Memory Island (MI; Piper, Acevedo, Craytor, Murray, & Raber, 2010) was designed to characterize place learning in an environment with natural-looking features. MI does not use distal landmarks, although there are very large landmarks that give a sense of stability. Participants learn visible target locations in each quadrant with an aid (flag), then with the target visible only in close proximity (hidden trials), and then with no target during probe trials. The distance traveled to the target did not change with age during hidden trials for 7–10-year-olds. However, children who took a more direct path to the target during hidden trials spent more time in the correct quadrant during probe trials. The most striking improvements were from 9- to 10-years-old.

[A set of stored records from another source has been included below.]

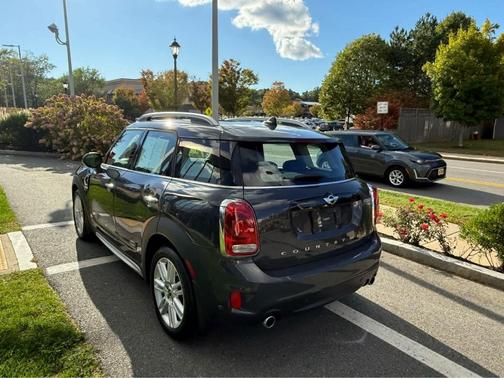 2017 MINI Countryman Cooper S ALL4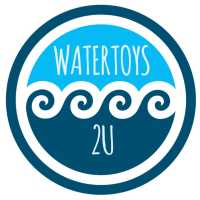 WaterToys Pontoon Boat Rental and Toon Tiki Logo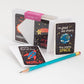 Mini Outer Space Valentines Boxed Set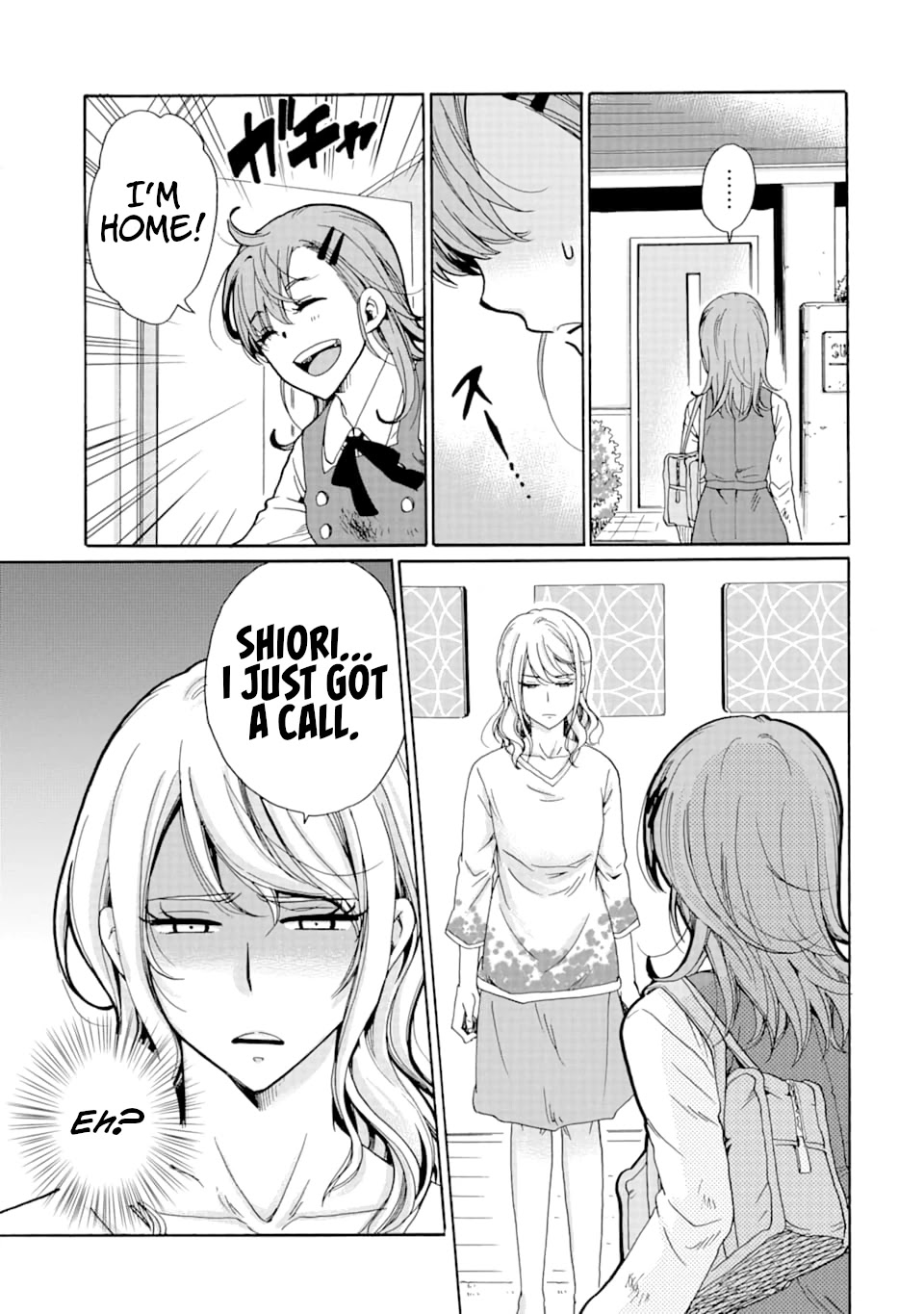 Ijimeru Aitsu ga Waruinoka, Ijimerareta Boku ga Waruinoka? Chapter 7 page 3 - Chapter 7: Punishment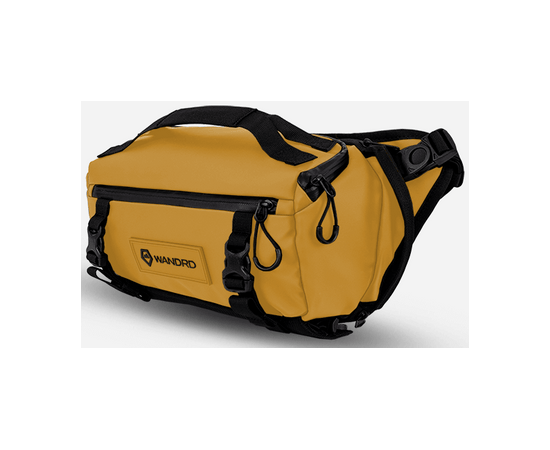 WANDRD Rogue Sling 6L - Amarelo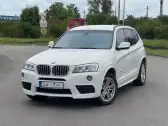 BMW X3 – 10 000 km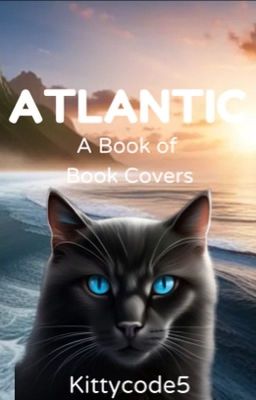 Atlantic | A Book of Book Covers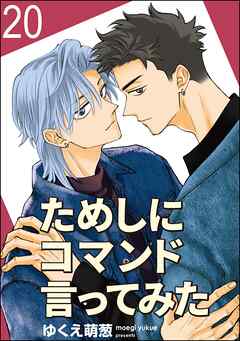 ためしにコマンド言ってみた（分冊版）　【第20話】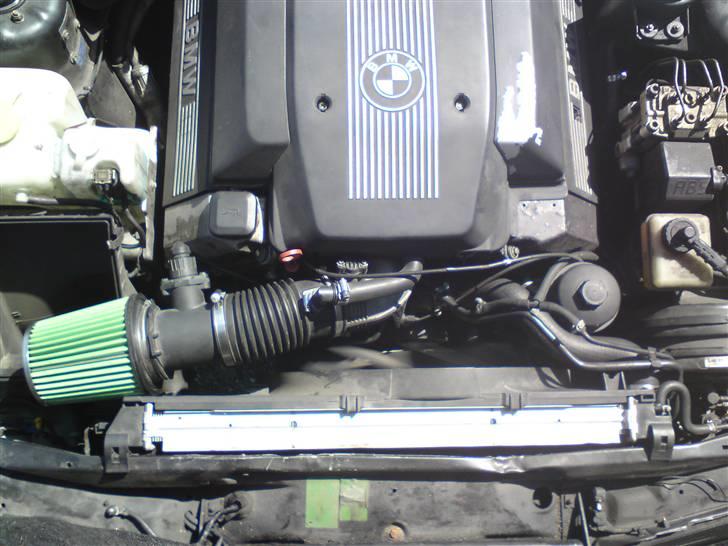 BMW E34 540 solgt billede 10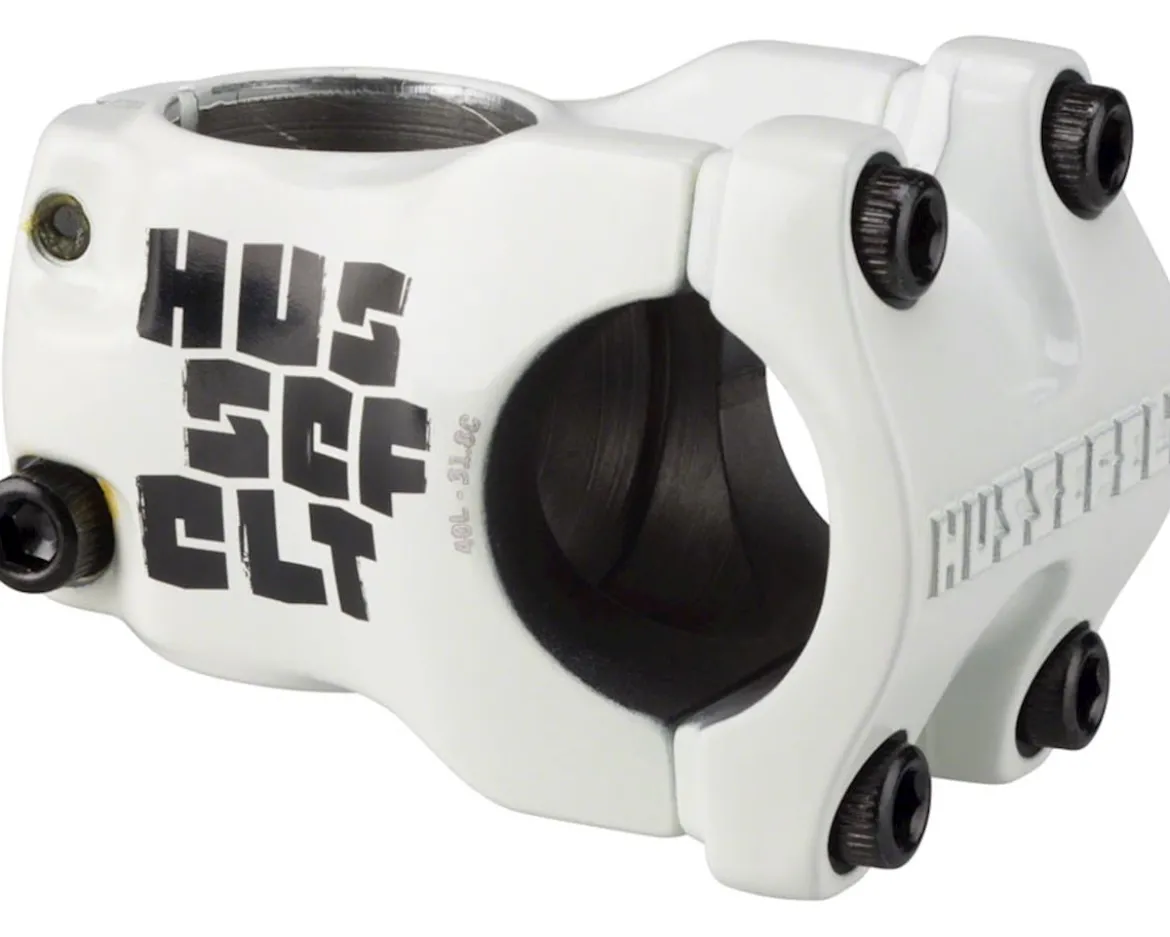 TRUVATIV Holzfeller Stem (White) (31.8mm) (40mm) (0°)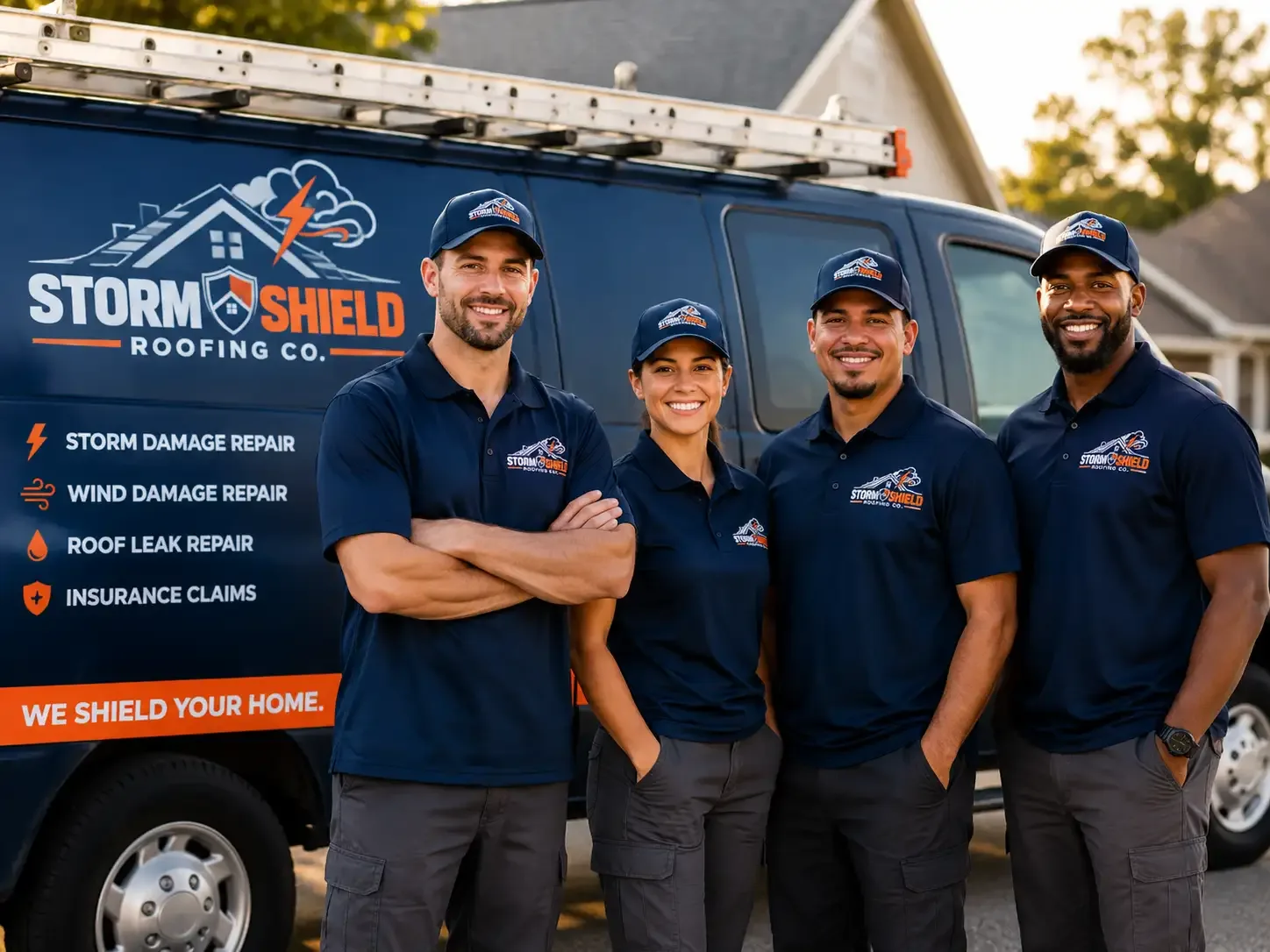 Storm Damage Roof Repair company in Carnation, WA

The virtual object location (VOL) paradigm is another augmented setup that assessed non-cognitive impacts on spatial memory with city-like distal landmarks and playground objects as landmarks (Figure 2C; Rodriguez-Andres, Mendez-Lopez, Juan, & Perez-Hernandez, 2018). Viewing the VE in 3D, 5–6-year-olds performed worse than the 7–12-year-olds at finding the remembered location of objects. Males and children with more videogame experience were more accurate and faster at navigating and children.

Summary

Whereas radial/arm mazes allow success using a distinct association between the arms and distal landmarks, MWM tasks gauge positional information relative to both proximal and distal cues in a continuous space, and thus allow measurement of a combination of landmarks into a framework. Such capabilities seem available by 8–10 years. Does this conclusion apply to more naturalistic environments? In the next section, we examine studies that aim for ecological validity.

Naturalistic environments

Cognitive mapping requires flexible combination of previously mentioned navigation strategies and accurate integration of the available cues. Natural environments imitate the appearance of real-life towns and cities, and tests navigation ability in spaces with naturalistic environmental features. Participants are not limited to inertial navigation and can use local and distal landmarks to build an integrated representation to allow for planning (Tables 1 & 2).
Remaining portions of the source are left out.